Useless. We’ll have to do our own thing in Bayes land.

As a subjective Bayesian, my first go-to would be to look for external information that puts constraints on any hypothesis. Previously, with Bem’s precognition studies I cobbled together some assumptions about our ability to notice things, added public opinion surveys and observations of how many psychics existed, and used it all to rough out a hypothesis. This time around, let’s treat the random number generator as the subject of a generic scientific study. Nearly all meta-analyses, and some plain ol’ scientific papers to boot, represent the effect size via Cohen’s d. This treats the control and treatment groups as following Gaussian distributions, and defines a dimensionless measure of difference by dividing the difference in means by the pooled standard deviation. If we treat the source of random numbers as a treatment group, with the control having a mean of zero, the mean of the treatment happens to equal Cohen’s d.

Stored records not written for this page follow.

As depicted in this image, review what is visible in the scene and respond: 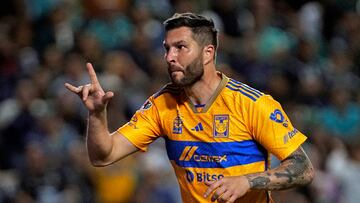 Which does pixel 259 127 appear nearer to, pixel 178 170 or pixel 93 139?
pixel 178 170

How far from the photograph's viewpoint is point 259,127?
5930 mm

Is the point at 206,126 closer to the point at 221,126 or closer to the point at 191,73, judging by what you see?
the point at 221,126

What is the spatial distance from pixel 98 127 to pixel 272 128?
118cm

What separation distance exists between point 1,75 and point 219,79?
258 inches

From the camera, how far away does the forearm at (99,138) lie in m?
6.14

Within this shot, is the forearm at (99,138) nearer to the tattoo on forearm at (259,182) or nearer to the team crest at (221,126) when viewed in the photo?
the team crest at (221,126)

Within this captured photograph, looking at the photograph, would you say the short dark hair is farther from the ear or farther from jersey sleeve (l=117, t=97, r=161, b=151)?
jersey sleeve (l=117, t=97, r=161, b=151)

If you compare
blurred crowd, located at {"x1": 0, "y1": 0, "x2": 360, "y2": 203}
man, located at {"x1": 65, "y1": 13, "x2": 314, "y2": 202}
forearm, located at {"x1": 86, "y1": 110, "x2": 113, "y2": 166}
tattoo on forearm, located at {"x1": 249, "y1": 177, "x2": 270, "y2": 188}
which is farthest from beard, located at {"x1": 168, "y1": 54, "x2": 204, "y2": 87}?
blurred crowd, located at {"x1": 0, "y1": 0, "x2": 360, "y2": 203}

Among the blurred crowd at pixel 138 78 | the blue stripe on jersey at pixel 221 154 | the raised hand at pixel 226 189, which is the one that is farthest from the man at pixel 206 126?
the blurred crowd at pixel 138 78

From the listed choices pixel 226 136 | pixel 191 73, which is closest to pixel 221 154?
pixel 226 136

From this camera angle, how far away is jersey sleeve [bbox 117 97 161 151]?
6383 millimetres

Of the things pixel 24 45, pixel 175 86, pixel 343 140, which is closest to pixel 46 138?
pixel 24 45

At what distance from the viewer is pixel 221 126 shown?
6.06 metres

Remember this ol’ replication study from back in the day? Supplementary figure 4 crudely divides the 97 replications into two piles, those that were significant on replication and those that weren’t. If we assume every failed replication indicates a false effect (dubious, but not implausible), then there’s a 64% chance of a null effect. Assuming the effect sizes of failed replications follow a Gaussian distribution with mean 0, the sample implies that distribution has a standard deviation of 0.285. If the successful replications are all true effects, they have a mean Cohen’s d of 1.251 with standard deviation 0.95. This is enough info to build an H0 and H1.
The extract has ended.